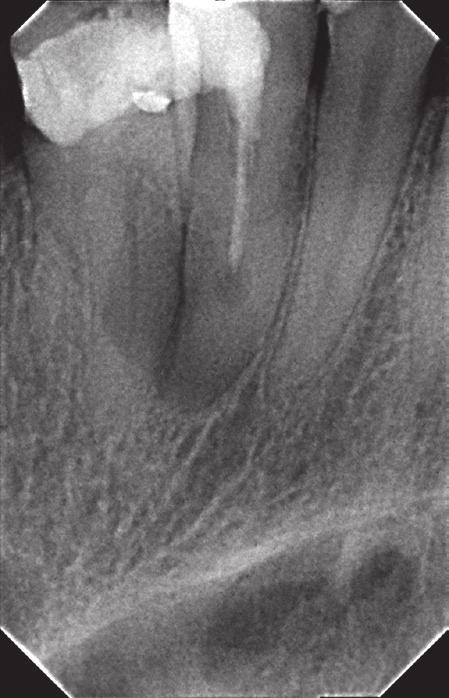 Treatment of internal inflammatory root resorption based on own observations J Stoma 2015; 68, 3 Fig. 1. Tooth 13 before treatment. Ząb 13 przed leczeniem. Fig. 2. Tooth 13 with calcium hydroxide.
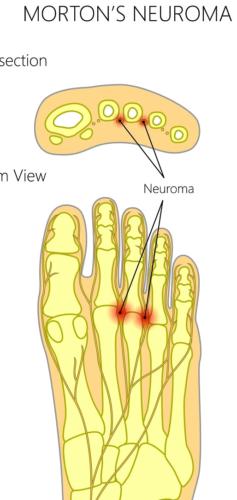 Ball of the foot pain Morton's Neuroma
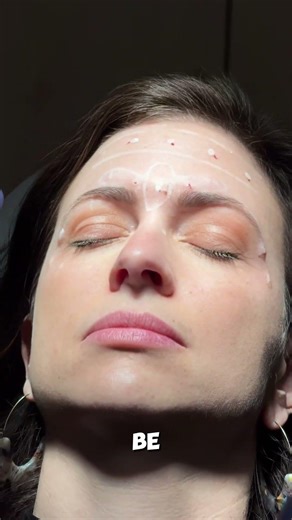 🌵 Inside a Live Botox® Demo at One of America's Top Aesthetic Symposiums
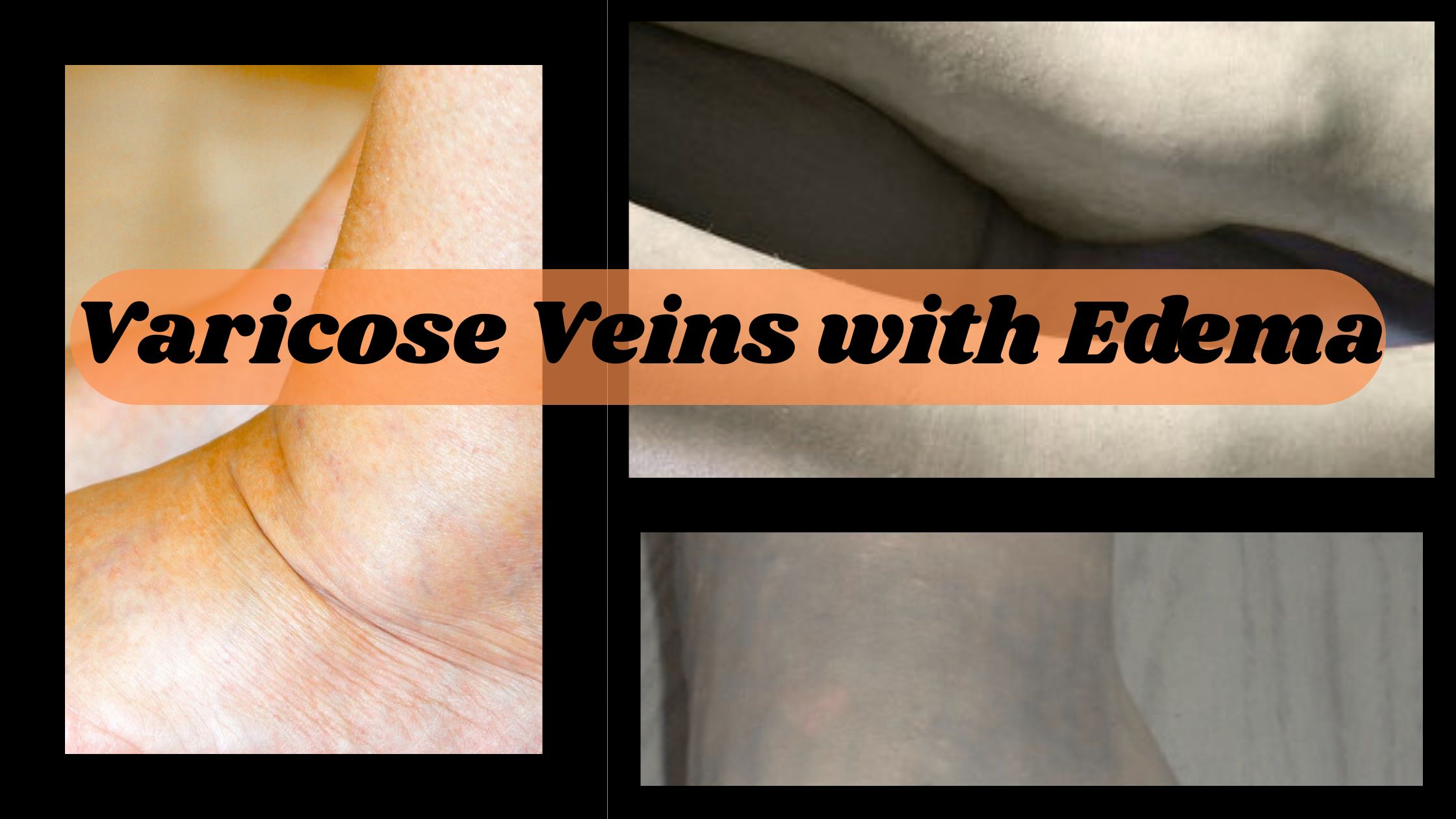 Varicose Veins with Edema
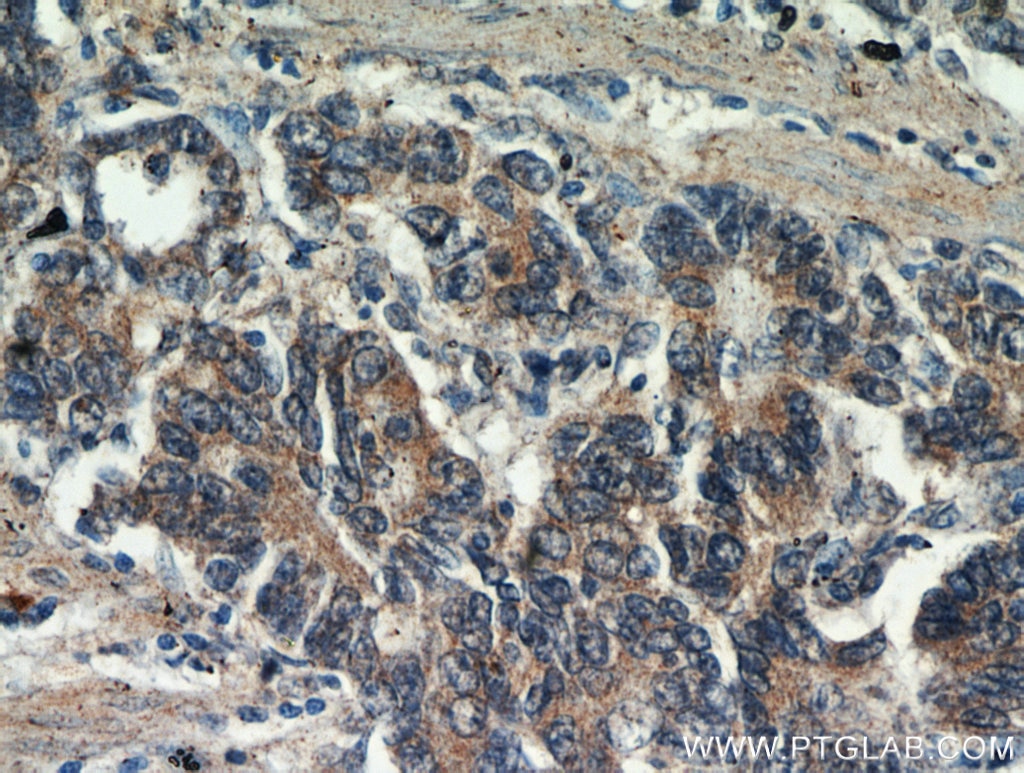 Immunohistochemistry (IHC) staining of human stomach cancer tissue using CEACAM3-Specific Polyclonal antibody (19496-1-AP)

## Work task
An exact copy of the lines from the one with "Varicose Veins with Edema" through the end of the entries above, both included, is the whole answer. It contains no pictures.

## Written answer
 Varicose Veins with Edema
 Immunohistochemistry (IHC) staining of human stomach cancer tissue using CEACAM3-Specific Polyclonal antibody (19496-1-AP)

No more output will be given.